45 thoughts on “A Short Biography of Marian Solomon”

  1. I am really looking forward to meeting your Auny Marian through this blog. I have been following your blog “A Hundred Years Ago” and had tears in my eyes reading the final diary entry today!


    1. Thank you for your kinds words. It’s nice to know that you enjoyed A Hundred Years Ago, and that you’re looking forward to this blog. (I also had tears in my eyes this morning. Even though I’m excited about doing something new, I’m going to miss my daily visits with Grandma.)


    1. One of the things that I find exciting (yet scary) about this blog is that I don’t currently know many of the details of Aunt Marian’s life. Part of the adventure of this blog will be the process of fitting the various pieces of the jig-saw puzzle together to learn more about her, as well as finding additional pieces to fill-in some of the blanks.

      Liked by 1 person

  2. Reblogged this on knowleselle and commented:
    If you are interested in genealogy and family history go along on the ride with Sheryl as she researches and tells the story of a family members’ life as a WAC. She’s a great storyteller so you are in for a treat! Here is the first entry. Don’t miss out!

    Liked by 1 person

    1. I think you enjoy this new adventure. I’m finding it both fun and challenging to think through how to tell Marian’s story since her story is so different from the one I’ve told the last few years–and the memorabilia that I have is also very different. But I figure that the process of figuring everything out part of the adventure. 🙂


  3. Your aunt was a real trail-blazer and independent woman at a time when a woman’s place was in the kitchen. What an adventurer and interesting person she must have been. My own great-aunt Mary would have been about the same age. She didn’t join the service, but was real spit-fire.

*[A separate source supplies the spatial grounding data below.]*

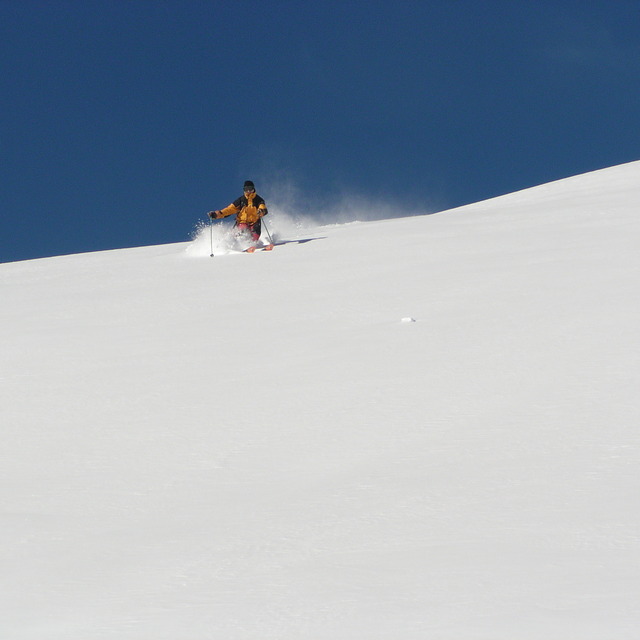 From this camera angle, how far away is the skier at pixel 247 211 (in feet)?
45.3

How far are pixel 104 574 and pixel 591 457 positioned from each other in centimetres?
230

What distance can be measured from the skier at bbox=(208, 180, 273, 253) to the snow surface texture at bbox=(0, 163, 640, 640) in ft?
11.1

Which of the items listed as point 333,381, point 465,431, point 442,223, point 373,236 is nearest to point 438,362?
point 333,381

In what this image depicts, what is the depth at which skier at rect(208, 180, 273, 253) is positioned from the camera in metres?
13.8

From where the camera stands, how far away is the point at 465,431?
520 cm

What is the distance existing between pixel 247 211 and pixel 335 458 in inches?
364

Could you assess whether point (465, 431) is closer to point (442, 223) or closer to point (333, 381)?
point (333, 381)

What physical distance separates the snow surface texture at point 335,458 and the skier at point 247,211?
3396 millimetres

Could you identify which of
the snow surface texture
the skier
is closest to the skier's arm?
the skier

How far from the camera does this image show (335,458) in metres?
5.02

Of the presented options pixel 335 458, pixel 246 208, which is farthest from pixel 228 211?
pixel 335 458

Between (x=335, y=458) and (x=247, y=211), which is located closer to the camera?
(x=335, y=458)

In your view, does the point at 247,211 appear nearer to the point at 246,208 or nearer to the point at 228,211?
the point at 246,208

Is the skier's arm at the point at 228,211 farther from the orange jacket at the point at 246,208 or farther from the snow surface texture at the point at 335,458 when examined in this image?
the snow surface texture at the point at 335,458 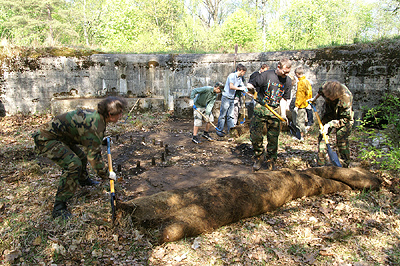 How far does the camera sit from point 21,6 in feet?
78.4

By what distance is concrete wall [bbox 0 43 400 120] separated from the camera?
7.43 m

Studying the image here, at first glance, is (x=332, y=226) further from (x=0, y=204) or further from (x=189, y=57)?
(x=189, y=57)

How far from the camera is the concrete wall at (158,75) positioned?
7.43m

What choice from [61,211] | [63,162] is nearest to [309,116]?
[63,162]

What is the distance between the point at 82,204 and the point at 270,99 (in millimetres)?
3451

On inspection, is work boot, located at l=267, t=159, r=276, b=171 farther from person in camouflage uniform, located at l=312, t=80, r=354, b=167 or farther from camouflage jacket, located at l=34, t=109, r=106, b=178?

    1. Your Great-Aunt Mary sounds like a fun person. Thank goodness there were some women who were trail-blazers and spit-fires in the generations before us. 🙂


      1. My grandparents have studied their family history and they have lots if photographs that they are willing to share. I have thought that in 2015 I would share some of their stories. You have been one source of inspiration 😊


  4. YAY! I found you and your new project!
    I love that your son inspired you to learn more about your Aunt, and yes, what a woman she must have been to embark on a whole new adventure in her 40’s! I’m excited to be along for this ride, Sheryl.


    1. I’m honored that you thought this post was worthy of reblogging. I agree that history is fascinating. I find the lives of ordinary people particularly interesting. I look forward to exploring your site.


  5. Happy 116th birthday to Aunt Marian! She sounds like a wonderful reminder that we’re never too old to reinvent ourselves (40s is young now, but back then it was a different story!).